Anyway, about the knitting machine: my landlady left me a note one day saying that the local charity shop had a knitting machine for 20 quid. "It's probably old and broken," I thought, but I decided to have a look. I'm glad I did because it looked in good condition. The workers told me that if no one decided to buy it by Sunday (it was Saturday), they were going to throw it out from lack of interest. Surprising, I thought, because while I was checking it out, several older ladies came in saying things like, "That brings back memories," and others showed great interest while I was fiddling about with it. Maybe they just needed to see someone show a little enthusiasm around it, I don't know. The accessories it came with alone were worth over 50 quid. It's a Knitmaster 321 and it came with loads of 60's manuals and charts. My personal favourite picture is the mature yet super hip momma whose demonstrating the ease of machine knitting while a young, naive, and frustrated young girl faces the other way while she hand-knits in shame. Good marketing technique.
I brought it home and tried for ages and couldn't even start my first row. The needles were popping out all over the place and I thought, "Great, now I've got a 20 quid broken knitting machine." I decided to do a little research and found a very helpful Youtuber who has the same machine (and more). She told me I should check the Sponge Retaining Bar (for which she conveniently had a video). Gods and Goddesses bless this woman for this was the problem after all. I quickly ordered one from eBay and off I went!
My first swatch was just a gray piece of knitted acrylic. Then I quickly moved on to my first scarf. I was looking forward to the World Cup (my first in the UK) so I knitted a traditional red-and-white striped scarf. It hung on the window yesterday as my other half showed his support during the England v. USA game last night.
The Knitmaster 321 is a Punch Card knitting machine.
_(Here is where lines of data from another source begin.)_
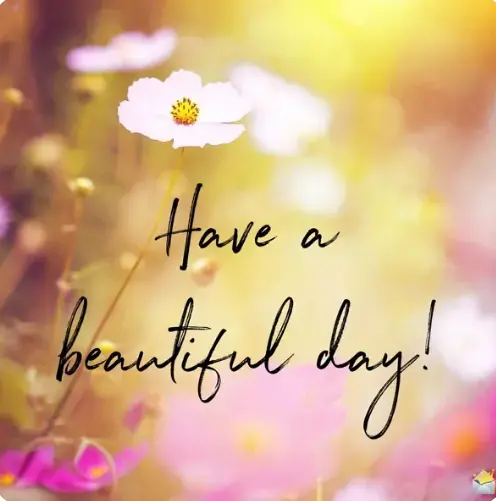 have a beautiful day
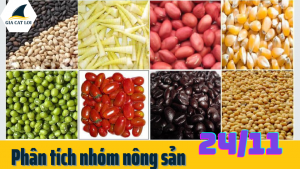 phan-tich-nhom-nong-san-24-11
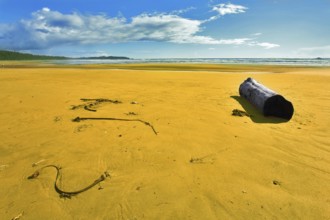 Ocean coast on island Vancouver, logs and seaweed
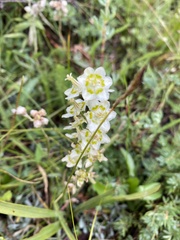 Melanthieae
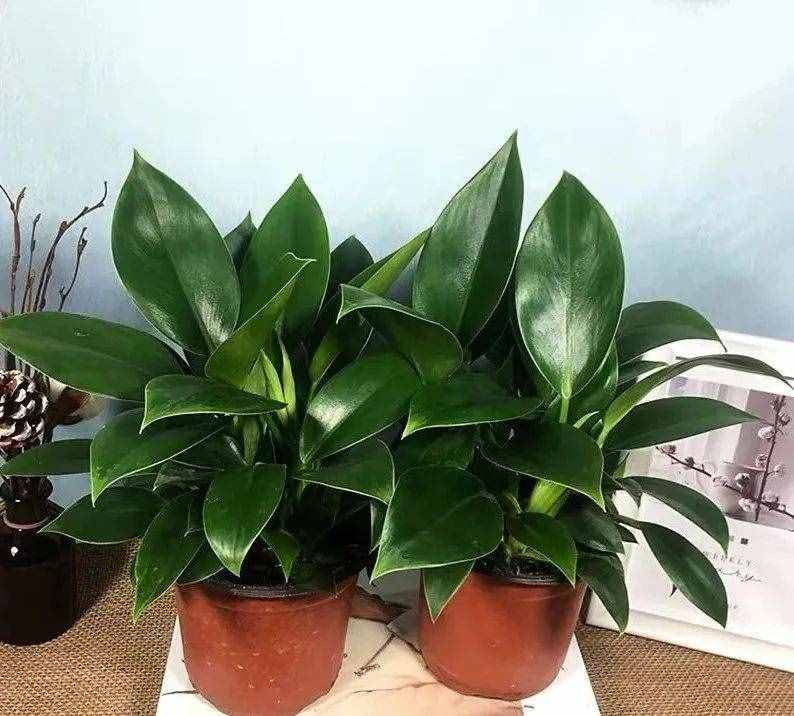 春天養(yǎng)金鉆，注意這幾點，葉子綠油油的，越養(yǎng)越吉祥
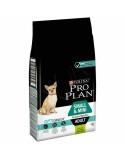 Fodder Purina Small & Mini Sensitive Adult 7 kg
What is that, exactly? I wasn't sure. It came with a sleeve filled with cards. The cards had holes punched out in the shape of patterns, and the machine had a slot to put them through. Eventually, I figured out that the punch card automatically dropped row after row as the user slides the carriage back and forth. It somehow makes the needles do a little dance until they match the pattern on the card - brilliant! My first punch card swatch was a Tuck Stitch pattern which turned out pretty well. I did find it quite difficult to do though so I decided after this I'd try something else.
After starting my new job, my knitting has gone on hiatus as I get used to the new schedule and get back into a routine. Eddy (that's my other half) finished this year at University and that means I'm not the sole income-earner any more which takes a bit of the pressure off. We haven't done anything "fun" in a while; no holidays, significant outings, etc. Then I thought, "Hey wait, Canada Day is coming up. I think the embassy does something for it in London." After looking it up on the Canada Day London website and reading all about the free festival, we booked our train tickets. You have no idea how excited it makes me when I think about a big ol' Bison burger and Steak Sandwich BBQ with live Canadian music, Sleeman's Honey Brown lager (how I miss thee!), and Tim Horton's DOUBLE DOUBLES and Iced Cappuccinos. Ahhh, heaven. The angels are smiling upon me now... But what to wear?!
Hopefully it'll be a sunny day in London, but as the event goes well into the night, we'll need something warm and of course festive. That's where the knitting machine comes in. Eddy and I roughly drew up a sketch of something a little more chic than the average maple leaf scarf.
As you can see, I'm hopeless at drawing the Maple Leaf. I don't know a single Canadian who can (try it if you don't believe me!). So instead I found the Canadian Flag on Google Images and printed out the image. After cutting out the Maple Leaf, I traced it onto some custom graph paper using Knit on the Net's fabulous Design Chart generator. I then pencilled a little "X" on all the squares at the edges of the design until I had something leaf-like.
With that, I made a start. It's not finished yet, but I'm taking photos as I go and will keep you posted. For now, I'm going to enjoy a cuppa and get on this Immigration application.